Keys to a Better Relationship

Today I am making clams and linguine for Scott. It is one of his favorite meals. Who doesn't love to come home after a long day's work, and sit down to one of their favorites. Good thing for him, I get home from work first, and he doesn't cook. And it makes me happy to see him happy.

We are also planning a trip to see our grandchildren. My schedule is busy but pretty flexible; then there is Mom, and we have two dogs to consider; accommodations. But before all that, I talk to Scott. His schedule requires more attention than any other; plus, he is head of our household, and his input is usually quite useful -- he tends to have a bigger perspective than those of us in the trenches, so to speak.

A few weeks ago, my husband changed up some of the responsibilities typically held by the youngest of our children. As he explained what needed to be done, he also explained that I needed to be free of those things and that I should no longer think of myself as being responsible for them.

All of this to say, if marriage is a picture of Christ's relationship with the Church -- and it is -- how is my relationship with Scott compared to my relationship with Christ? I mean, I can't always say I am as respectful to my husband as I am to the Lord, and I know there are plenty of other things that need improvement; but do I seek to please Jesus the way I seek to please my husband? Do I defer to Christ the same way I defer to Scott? Do I allow God to care for me the same way I have learned to allow Scott to care for me? Maybe I'm just a little backwards that way, but I sometimes think I treat Scott better than I treat my Lord and Savior, Jesus Christ! Really! And I don't think I'm alone in that.

Take the linguine and clams, for instance. We've had pasta a few times in the last couple of weeks, so I wasn't sure if he'd be interested. "Would you like linguine and clams tomorrow, or are you all pasta'd out?" A simple question, but how often do I seriously, slowly, earnestly seek what God wants? Or do I just go ahead 'cause "God really likes this helping the poor thing." Well, sure He does; but that doesn't mean it's what He had planned for me that day.

And our trip. My primary consideration was Scott: his preferences, his plans, and his input. I didn't book a hotel, or put in for the days off; he was the first person I spoke to about my idea. I want to do what he wants and I want his insight. Can I say the same thing for my relationship with God? Do I like it when He puts the kibosh on my plans? Do I avoid asking Him to make sure He doesn't? Is He the first One I go to, or do I wait until I've hit some sort of roadblock, when I need His help bailing me out? "Bless my project, God."

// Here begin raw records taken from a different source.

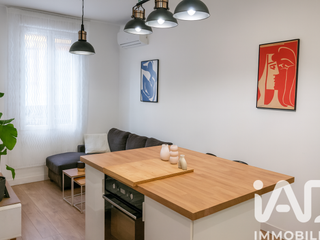 Vente appartement 2 pièces
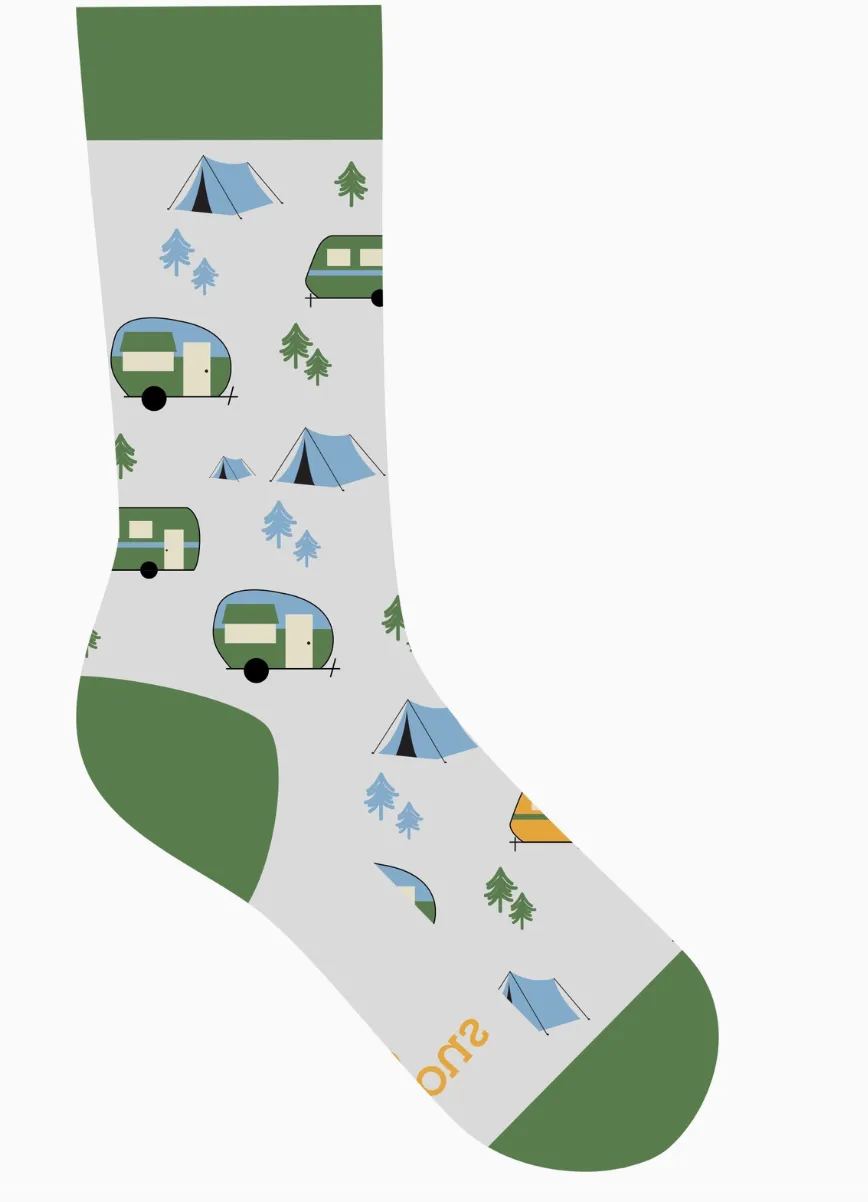 Conscious Step - Socks that Save National Parks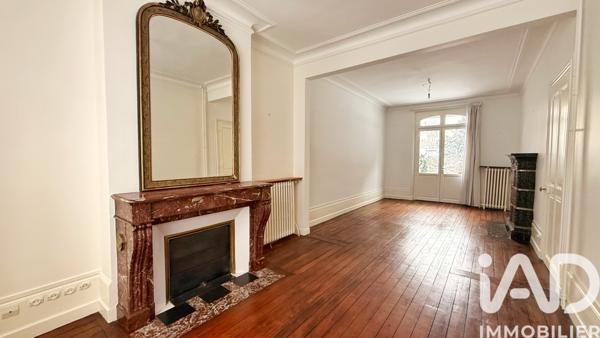 Maison à vendre 6 pièces 113 m² Beauvais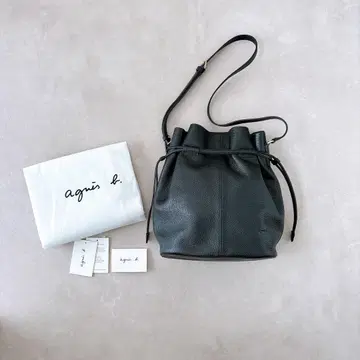 아네스베 보야주 복조리 숄더백 (QAS03-02)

And Scott's instructions to the youngest. In them, he not only gave her some more age-appropriate chores, and updated things to accommodate our current situation, but he set me free. They are no longer my responsibilities, and I don't have to hover just to be sure things are handled. How often have I prayed for something, and tried to "help it along"? Or I've "helped" someone to the point I hurt them because of my need to control or be the hero? Or I've turned a situation over to God, only to take it back later?

Pleasing God in the way He desires, making His plans my plans -- not the other way around, and walking in the freedom purchased for me at the cross. Sounds to me like some pretty solid relationship advice.